- Opening Delimiter -

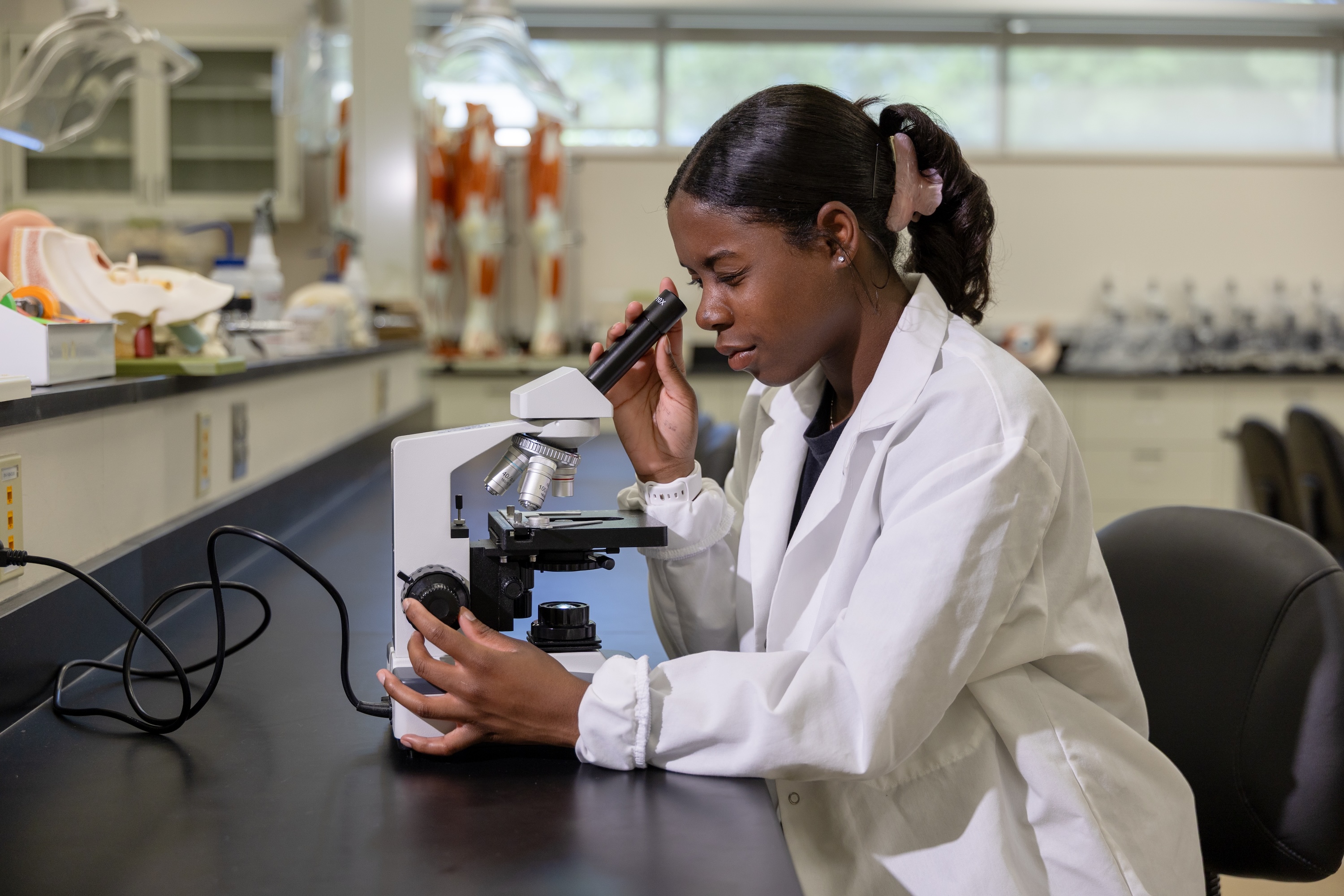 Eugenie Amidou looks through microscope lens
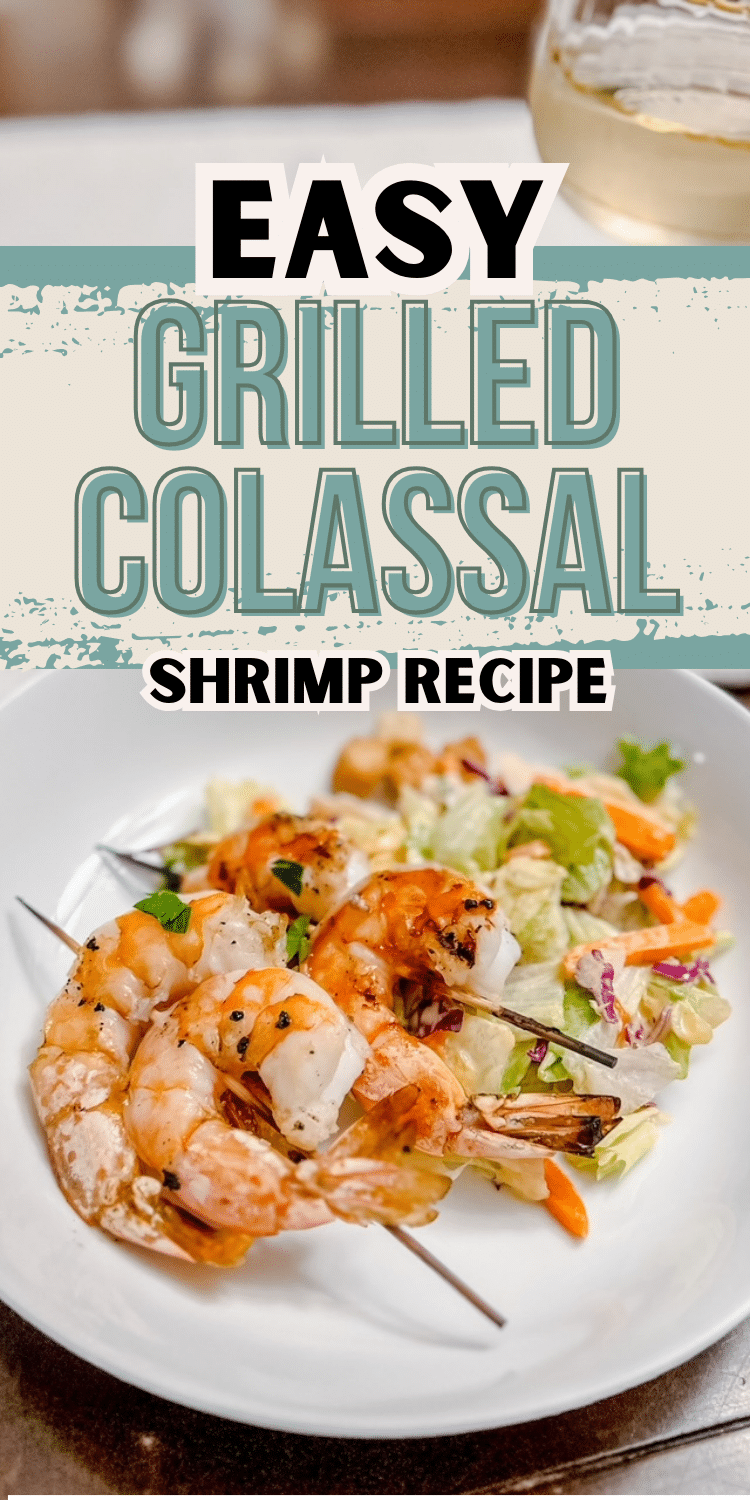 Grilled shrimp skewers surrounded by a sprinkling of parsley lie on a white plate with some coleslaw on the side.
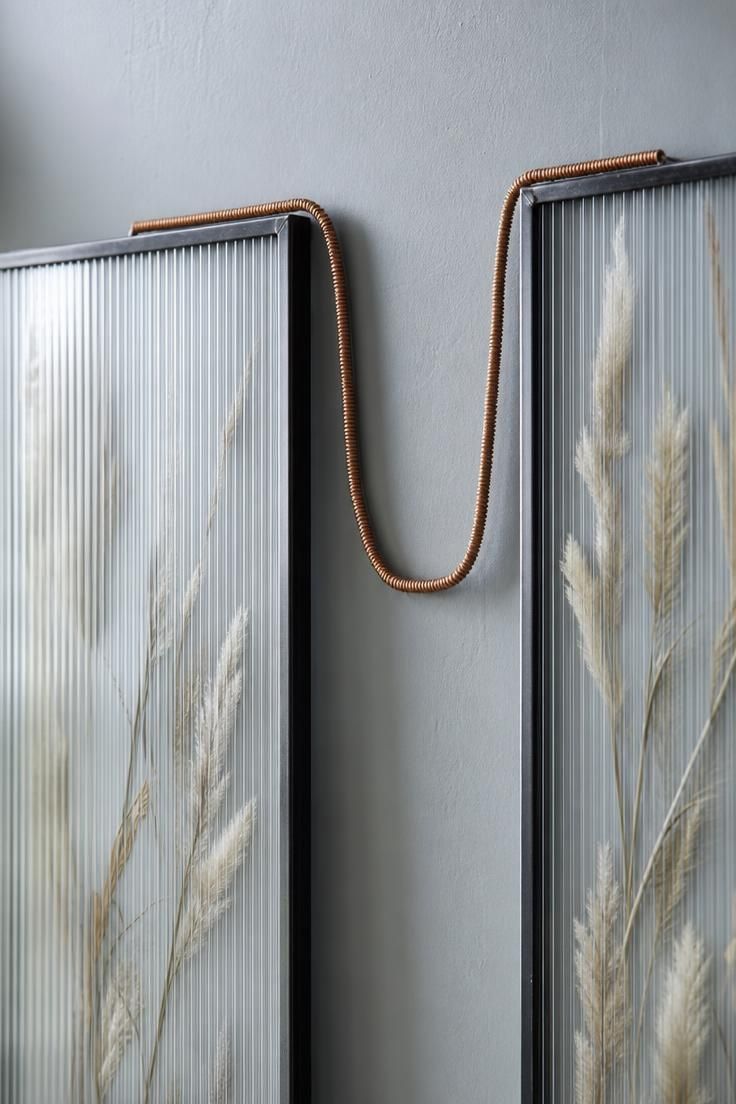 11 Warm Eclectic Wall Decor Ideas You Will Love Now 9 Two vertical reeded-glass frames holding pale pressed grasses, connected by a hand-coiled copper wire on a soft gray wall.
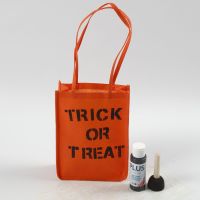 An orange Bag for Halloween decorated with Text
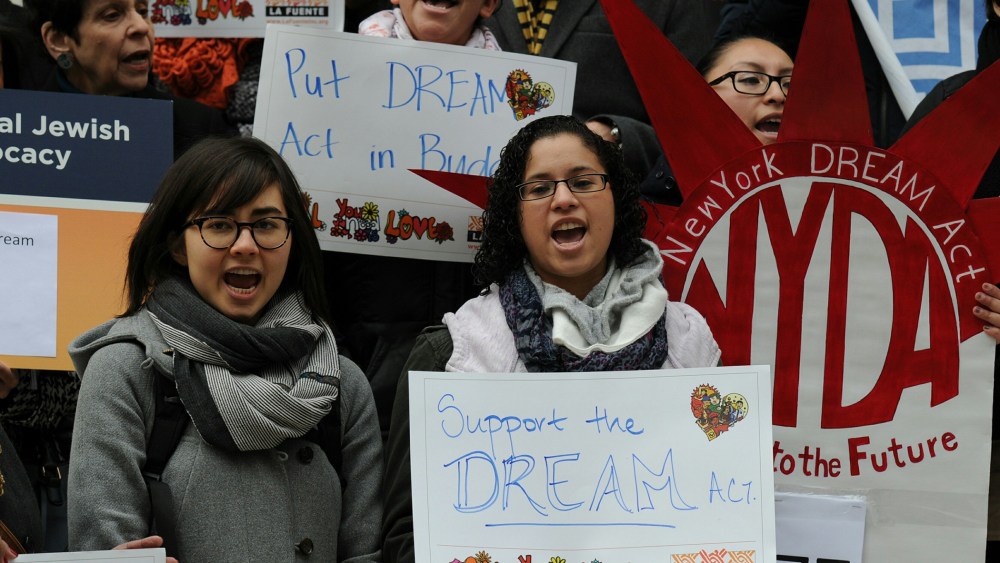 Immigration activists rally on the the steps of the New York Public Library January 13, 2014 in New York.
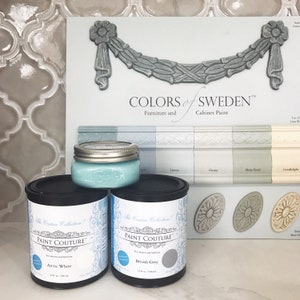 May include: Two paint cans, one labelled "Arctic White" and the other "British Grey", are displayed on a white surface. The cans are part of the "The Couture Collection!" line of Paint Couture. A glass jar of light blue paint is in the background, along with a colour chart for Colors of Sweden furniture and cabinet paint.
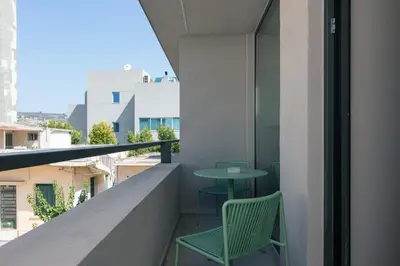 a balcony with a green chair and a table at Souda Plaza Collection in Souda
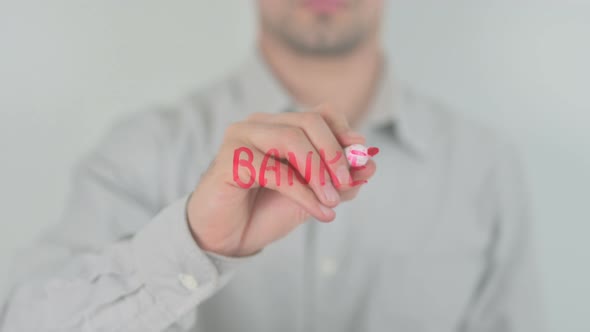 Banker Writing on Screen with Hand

- Closing Delimiter -

Without including any picture, print all of the entries above exactly.

 Eugenie Amidou looks through microscope lens
 Grilled shrimp skewers surrounded by a sprinkling of parsley lie on a white plate with some coleslaw on the side.
 11 Warm Eclectic Wall Decor Ideas You Will Love Now 9 Two vertical reeded-glass frames holding pale pressed grasses, connected by a hand-coiled copper wire on a soft gray wall.
 An orange Bag for Halloween decorated with Text
 Immigration activists rally on the the steps of the New York Public Library January 13, 2014 in New York.
 May include: Two paint cans, one labelled "Arctic White" and the other "British Grey", are displayed on a white surface. The cans are part of the "The Couture Collection!" line of Paint Couture. A glass jar of light blue paint is in the background, along with a colour chart for Colors of Sweden furniture and cabinet paint.
 a balcony with a green chair and a table at Souda Plaza Collection in Souda
 Banker Writing on Screen with Hand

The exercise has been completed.